Looking Forward, Talking Back
Well, here we are. No other phrase seems to be so deeply, vaguely unsatisfying.
Here we are: but not really. “Here” is a screen, a grid of faces, images, and names that sometimes fail. “Here” is less a physical designation than a temporal--or even emotional--one. “Here” has fragmented from one place to many, across time zones (my life runs precisely three hours later than the schedule of my ghost East Coast life) and into the intimate and literal corners of people’s lives. I never thought I would see the innards of the homes of the people who announce the local Phoenix weather, or every late night talk show host, or Tom Hanks. I never thought I would see the homes of so many people from college when I have never seen (and never will see) where they lived on campus. But--the only possible refrain--here we are.
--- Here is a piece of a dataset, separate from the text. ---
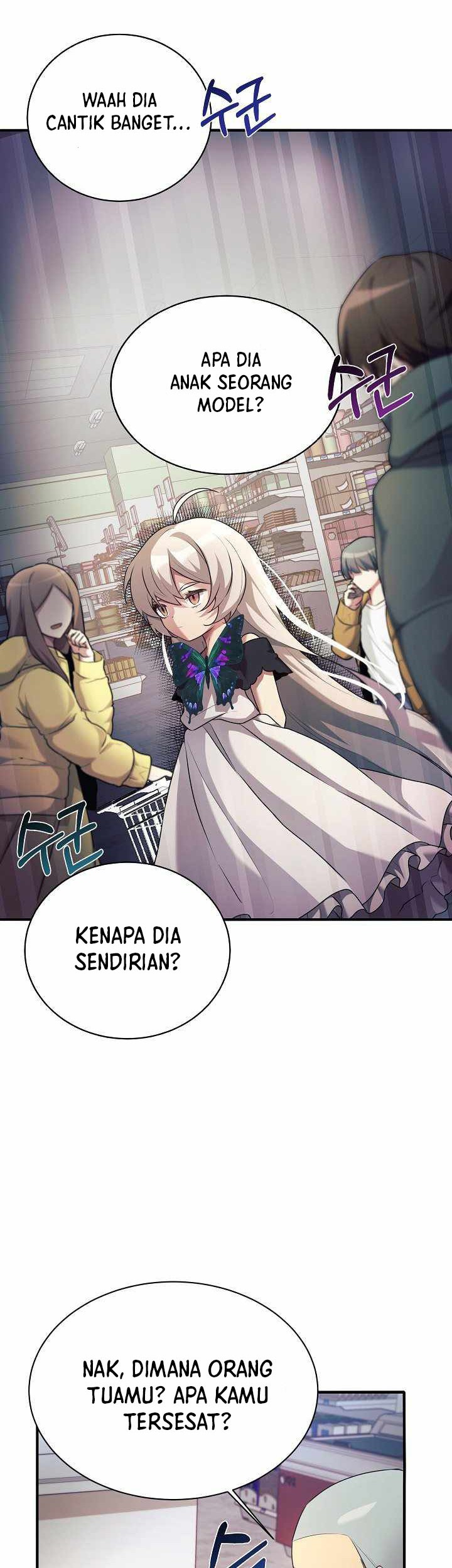 My Daughter Is a Dragon! Chapter 02 Gambar 20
The oxymoronic “here” of my situation, perhaps inevitably, flares up in the work I am presenting here. Pre-break and pre-breakage, I had been working with flowy, gossamer materials, all sequins and glitter and highly watered down gouache. I arrived in Arizona with four shirts, three pairs of pants, (thankfully) lots of underwear, and no materials. I had wholeheartedly thought that I was returning to New Haven after a stubborn but truncated trip to Mexico City. Once home, I doubled down: I bought organza fabric and beads and sequins. No paint, so powdered matcha and icing dyes doubled as pigments. The stretchers from a painting from the ninth grade became an oversized embroidery hoop.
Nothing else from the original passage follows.